In 1800 only 3 percent of the worlds total population lived in cities, this figure now stands at 47 percent an increase of 44 percent over 200 years. In 1950, there were 83 cities with populations exceeding one million; New York was recognised as becoming the world’s first megacity. By the year 2007 83 millionaire cities had risen to 468. If this trend continues however the worlds urban population will double every 38 years. This is due to the propelled high rates of natural increase and very high rates of rural to urban migration.

A few of the largest cities have grown to merge with others to form city regions, or agglomerations, such as Tokyo whose region now includes the population of Yokohama. The term megacity is now used to describe these city regions.

A few current megacities according to that of the world gazetteer are that of Cairo in Egypt with a population of 16,794,464, Beijing in China with a population of 13,294,474 and Buenos Aires in Argentina with a population of 14,723,625.

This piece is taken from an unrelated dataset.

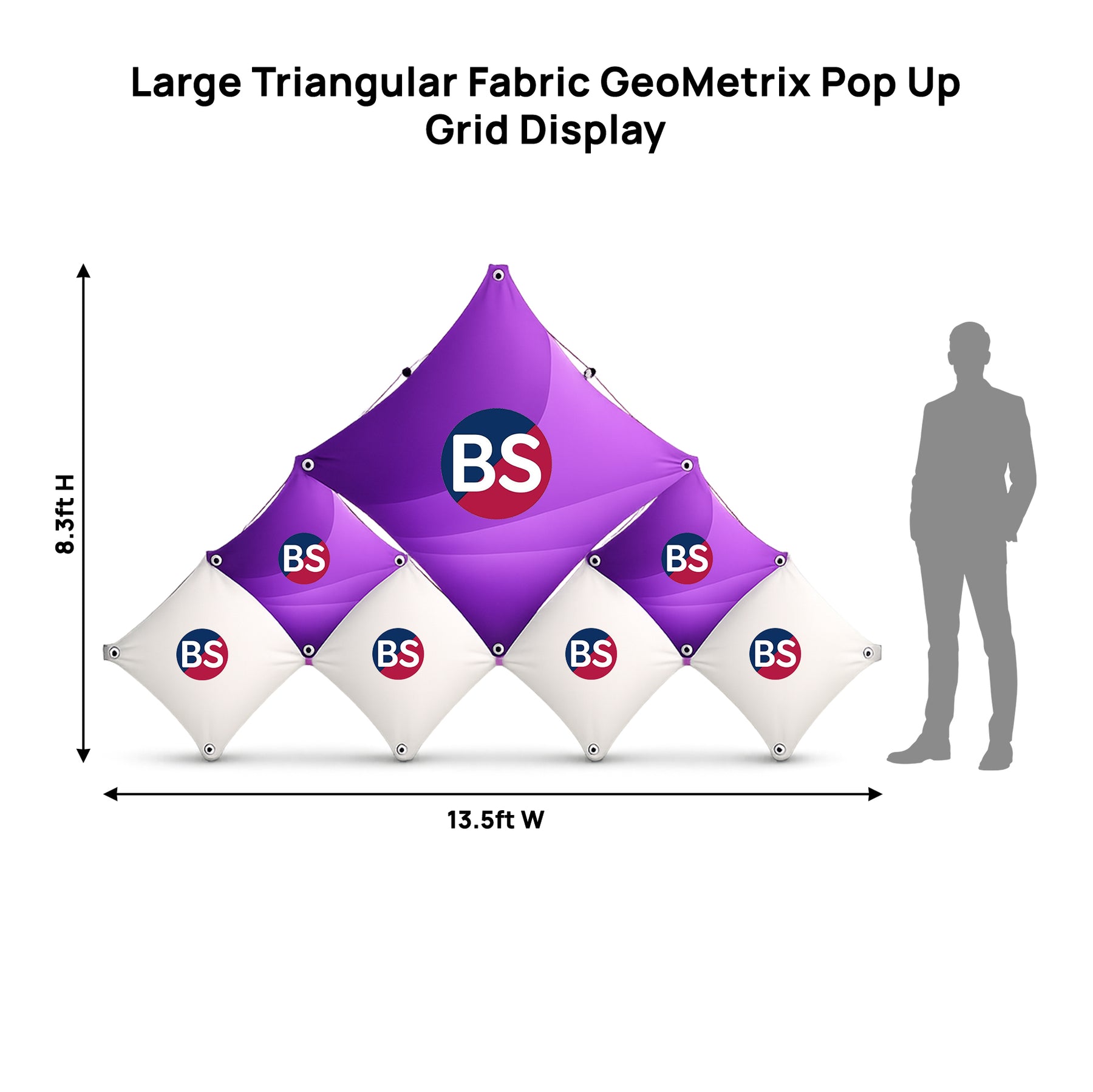 Large Triangular Fabric GeoMetrix Pop Up Grid Display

A few countries that have the potential to become megacities within the next 5 years are that of Chicago in the USA with a population of 9,506,302, and Xianggang in China with a current population of 9,565,291.
This image shows the urban population (millions). As the image clearly show there are around 6 mega-city areas in the western hemisphere. The more obvious one being that of the world cities such as New York. As you can see Europe has no strong megacity(s) as the hierarchy of the urban distribution is quite stabilised in turn creating many world cities such as that of London, Paris Frankfurt and Brussels. However in the eastern hemisphere there are around 9 mega cities, this vast expansion could be due to uncontrolled birth rate or by form of city regions (agglomerations). These megacities seem to be…...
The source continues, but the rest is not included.